-- DESCRIPTION OF THE TASK --
Repeat each entry exactly, but do not carry over the pictures.

········

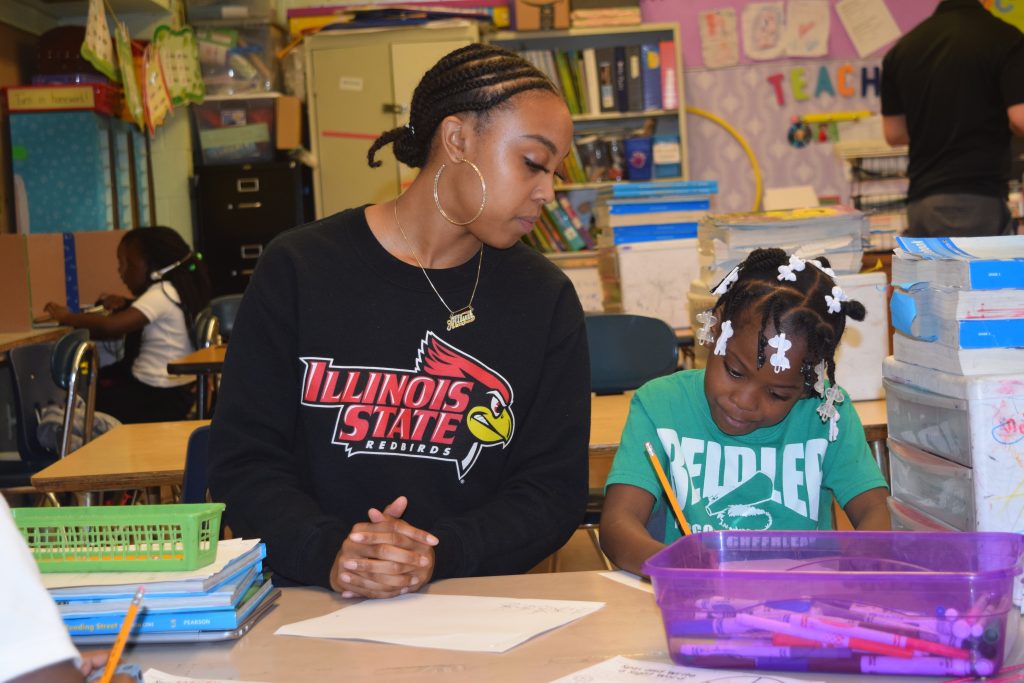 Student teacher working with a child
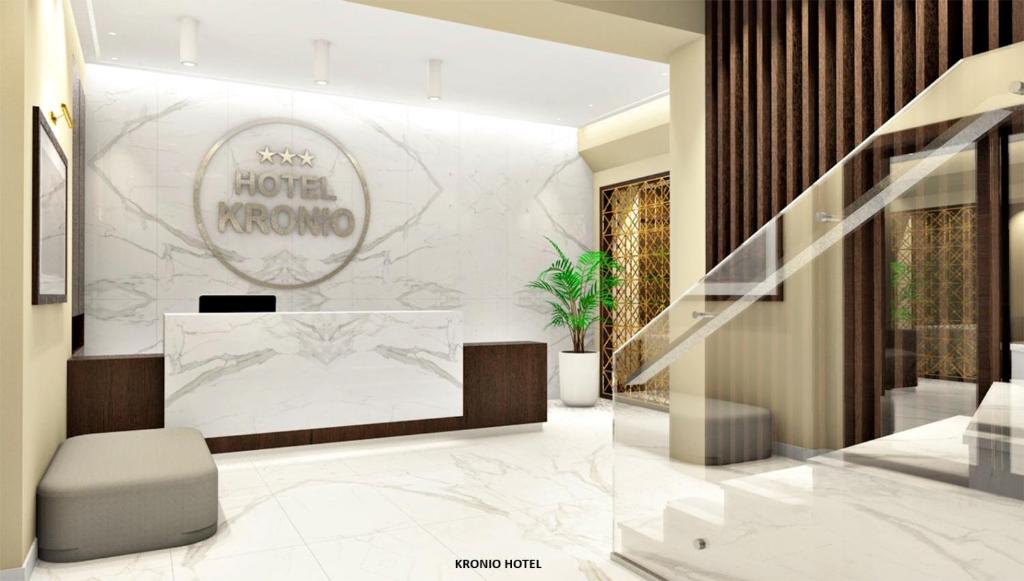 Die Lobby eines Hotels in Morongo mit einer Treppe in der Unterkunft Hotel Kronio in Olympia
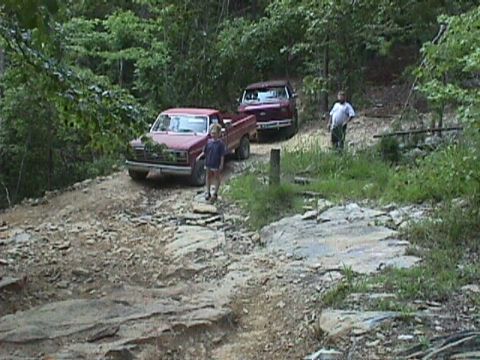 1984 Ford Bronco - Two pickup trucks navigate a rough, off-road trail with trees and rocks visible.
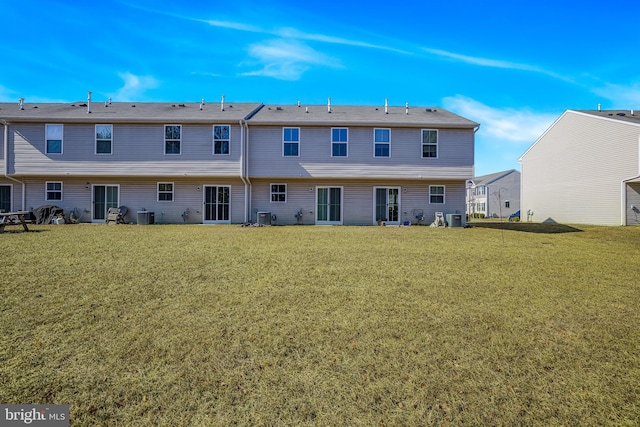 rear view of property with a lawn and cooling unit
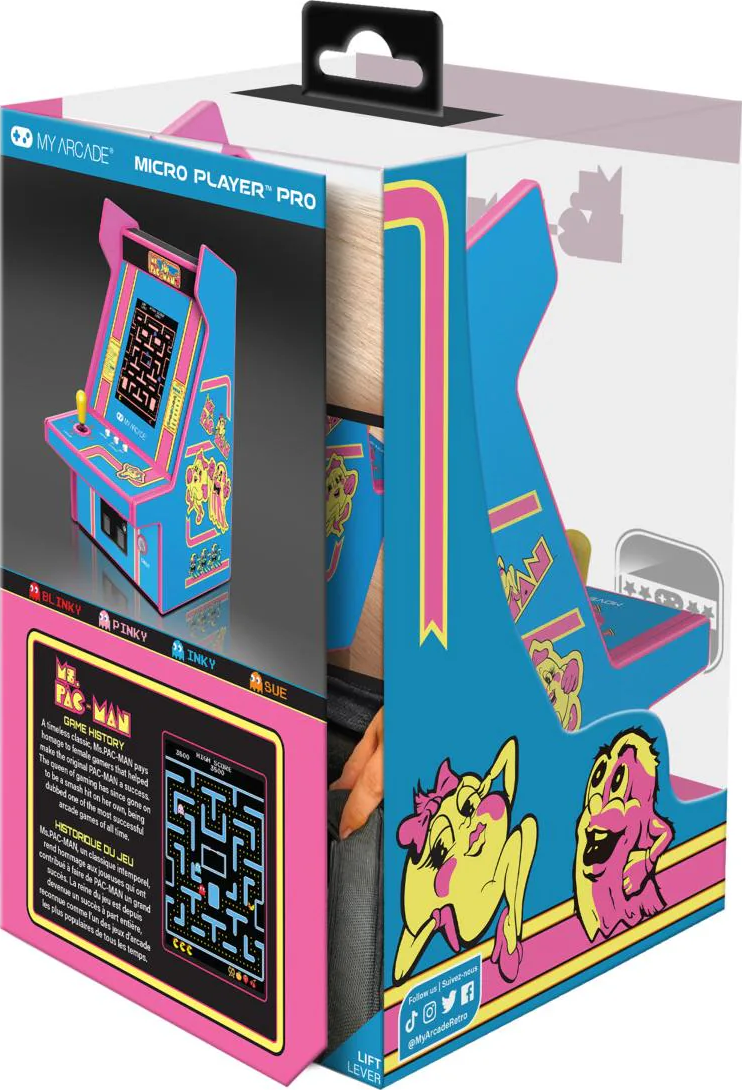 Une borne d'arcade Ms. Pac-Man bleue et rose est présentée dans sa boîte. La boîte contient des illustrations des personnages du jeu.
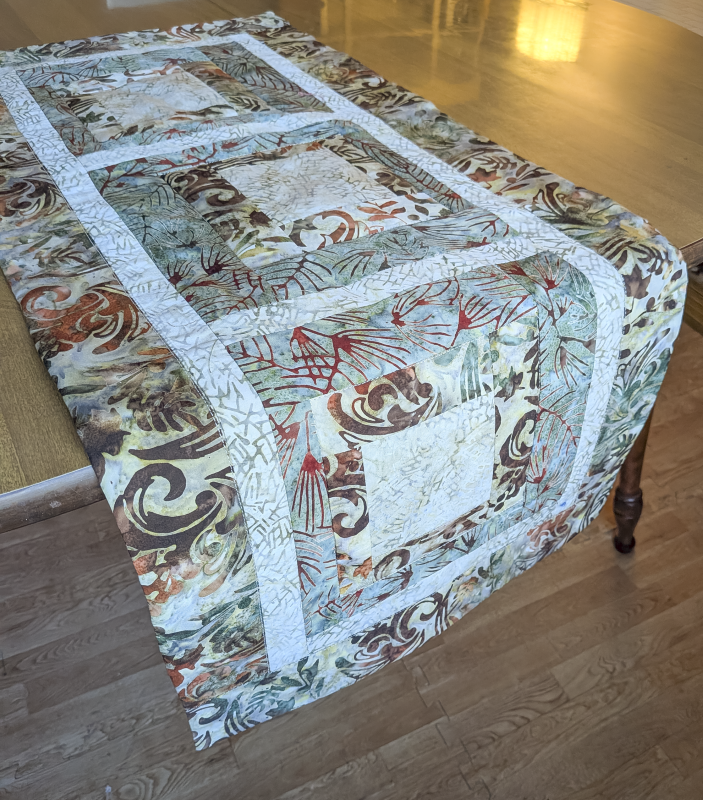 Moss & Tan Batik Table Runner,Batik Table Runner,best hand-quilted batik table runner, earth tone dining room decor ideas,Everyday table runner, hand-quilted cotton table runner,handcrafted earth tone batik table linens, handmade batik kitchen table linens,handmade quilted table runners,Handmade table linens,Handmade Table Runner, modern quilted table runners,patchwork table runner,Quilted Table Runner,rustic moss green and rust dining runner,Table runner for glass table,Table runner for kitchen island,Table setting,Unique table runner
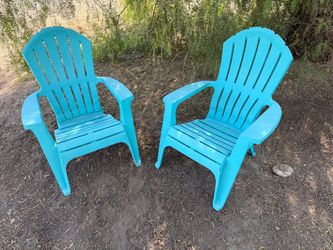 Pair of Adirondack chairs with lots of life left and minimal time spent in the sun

········

-- RESPONSE BELOW --
 Student teacher working with a child
 Die Lobby eines Hotels in Morongo mit einer Treppe in der Unterkunft Hotel Kronio in Olympia
 1984 Ford Bronco - Two pickup trucks navigate a rough, off-road trail with trees and rocks visible.
 rear view of property with a lawn and cooling unit
 Une borne d'arcade Ms. Pac-Man bleue et rose est présentée dans sa boîte. La boîte contient des illustrations des personnages du jeu.
 Moss & Tan Batik Table Runner,Batik Table Runner,best hand-quilted batik table runner, earth tone dining room decor ideas,Everyday table runner, hand-quilted cotton table runner,handcrafted earth tone batik table linens, handmade batik kitchen table linens,handmade quilted table runners,Handmade table linens,Handmade Table Runner, modern quilted table runners,patchwork table runner,Quilted Table Runner,rustic moss green and rust dining runner,Table runner for glass table,Table runner for kitchen island,Table setting,Unique table runner
 Pair of Adirondack chairs with lots of life left and minimal time spent in the sun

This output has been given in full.